- Interactive map of the Changhua Wude Hall area
- Former names: Changhua Martyrs' Shrine

General information
- Type: former martial arts hall
- Location: Changhua City, Changhua County, Taiwan
- Coordinates: 24°05′N 120°33′E﻿ / ﻿24.08°N 120.55°E
- Construction started: 1929
- Completed: 18 October 1930
- Renovated: October 2005

= Changhua Wude Hall =

Former martial art hall in Changhua City, Taiwan

The Changhua Wude Hall (彰化市武德殿 (Zhānghuà Shì Wǔdé Diàn)) is a former martial arts training center in Changhua City, Changhua County, Taiwan.

==History==
The construction of the hall started in 1929 and was completed on 18 October 1930 during the Japanese rule of Taiwan.

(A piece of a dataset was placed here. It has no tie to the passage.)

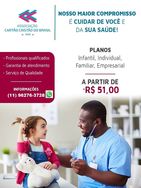 Plano Assistência Médica para Consultas e Exames ! Não Dependa do Sus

After the handover of Taiwan from Japan to the Republic of China in 1945, the hall was transformed into Changhua Martyrs' Shrine. The hall was partially damaged during the Jiji earthquake in 1999. During the reparation process, care was taken to maintain the building's original look. The hall was declared as a historical building on 13 December 2001. The restoration work was fully completed in October 2005.

==Transportation==
The hall is within walking distance southeast of Changhua Station of Taiwan Railway.